Hadapi China, Timnas Indonesia Diingatkan Maksimalkan Tendangan Bebas

Piala Dunia 2026

Timnas Indonesia masuk Pot 4 hasil drawing round 4 Piala Dunia 2026.

KLIKSANDI.COM – Menjelang laga krusial melawan Timnas China, mantan pelatih Persipura Jayapura, Tony Ho, memberikan masukan untuk skuad Timnas Indonesia.

Timnas China diprediksi bakal bermain bertahan saat menyambangi Stadion Utama Gelora Bung Karno (SUGBK) Jakarta pada 5 Juni 2025 mendatang. Laga ini menjadi matchday kesembilan di ronde ketiga Kualifikasi Piala Dunia 2026 zona Asia.

Prediksi Tony Ho ini bukan tanpa dasar.

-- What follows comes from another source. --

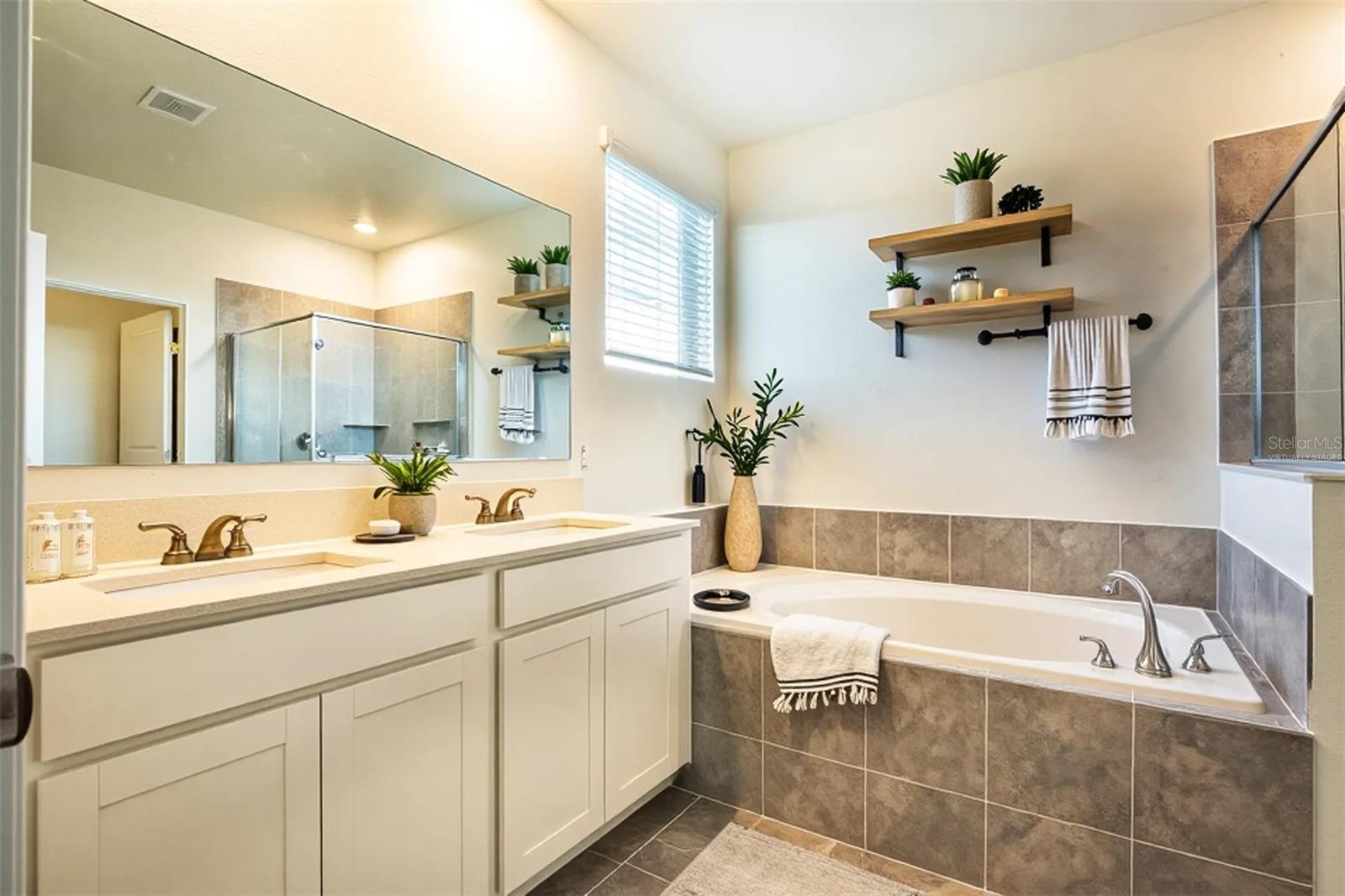 CHAMPIONS POINTE 25 TH - Residential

Pada pertemuan pertama di Qingdao, Oktober tahun lalu, China sukses menumbangkan Indonesia 2-1 lewat strategi bertahan yang rapi.

Kala itu, tim asuhan Shin Tae-yong dibuat kesulitan meski sempat mendominasi babak kedua dan hanya mampu mencetak satu gol lewat Thom Haye di menit ke-84.

China Bertahan, Timnas Indonesia Harus Cermat

“Di kandang saja mereka bermain bertahan, apalagi nanti sebagai tamu. Saya yakin Branko Ivankovic masih akan andalkan kekuatan bertahan di Jakarta,” ujar Tony Ho.

Ia menambahkan, Timnas Indonesia tak boleh mengulangi kesalahan yang sama. Kala itu, Garuda sempat frustasi dan kehilangan fokus karena sulit menembus pertahanan lawan.

Menurutnya, Patrick Kluivert harus bisa menjaga mental para pemain agar tetap tenang dan disiplin menjalankan taktik.

“Menghadapi pertahanan sekuat tembok seperti China, kuncinya main sabar. Kluivert mungkin sudah siapkan beberapa variasi strategi, tapi pada akhirnya semua bergantung pada ketenangan pemain di lapangan,” kata pelatih asal Makassar ini.

Tendangan Bebas Bisa Jadi Senjata Rahasia

Tony Ho juga menyoroti pentingnya memaksimalkan peluang dari bola mati. Ia mengapresiasi pemanggilan pemain-pemain bertalenta seperti Egy Maulana Vikri, duo Sayuri, Stefano Lilipaly, dan Beckham Putra.

“Pemain-pemain cepat dan lincah ini rentan dilanggar, apalagi postur mereka kecil. Pelanggaran itu harus bisa diubah jadi peluang emas lewat tendangan bebas,” jelasnya.

Mantan pelatih PSM ini meyakini, variasi eksekusi bola mati akan jadi kunci jika skema open play sulit membuahkan hasil.

“Patrick Kluivert harus punya banyak opsi dari skenario bola mati. Stefano Lilipaly punya kemampuan eksekusi yang bisa diandalkan,” pungkasnya.